- **Exercise brief**
Skip the pictures and write out, word for word, the lines below from the one with "1220 N Lincoln St, Aberdeen City, SD 57401" through the one with "1310 Green St, Lockhart, TX 78644", inclusive.

- **Records supplied**

*** Begin section ***

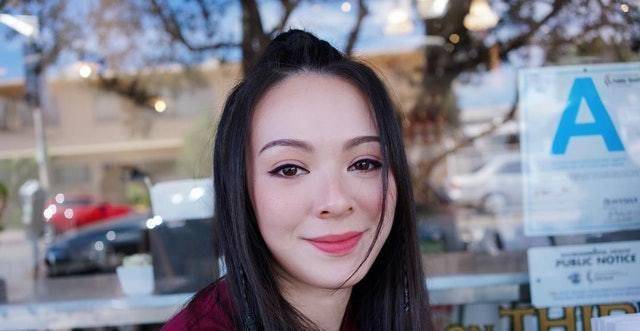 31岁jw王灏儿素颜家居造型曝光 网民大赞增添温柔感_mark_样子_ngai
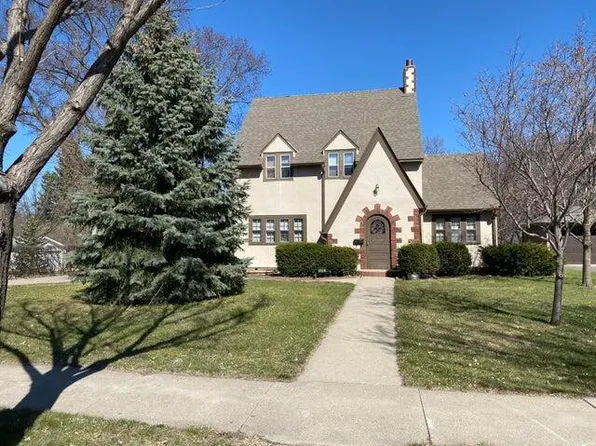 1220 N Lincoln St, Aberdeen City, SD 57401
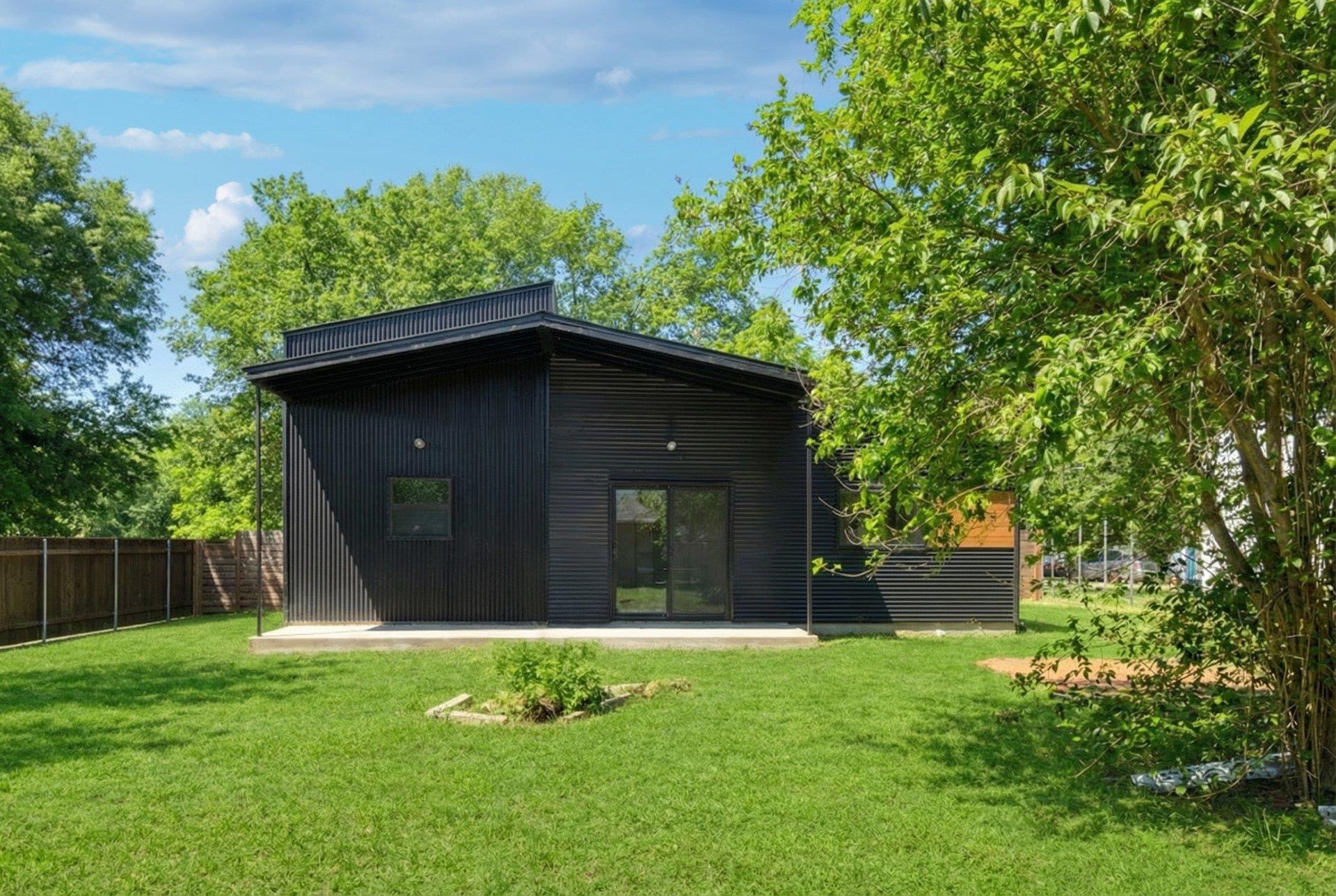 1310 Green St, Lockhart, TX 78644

*** End section ***
*** Begin section ***

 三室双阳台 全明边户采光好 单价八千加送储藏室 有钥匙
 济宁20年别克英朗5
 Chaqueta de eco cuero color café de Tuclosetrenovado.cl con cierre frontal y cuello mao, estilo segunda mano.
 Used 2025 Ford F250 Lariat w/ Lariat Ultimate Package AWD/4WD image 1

*** End section ***

- **Exercise response**
 1220 N Lincoln St, Aberdeen City, SD 57401
 1310 Green St, Lockhart, TX 78644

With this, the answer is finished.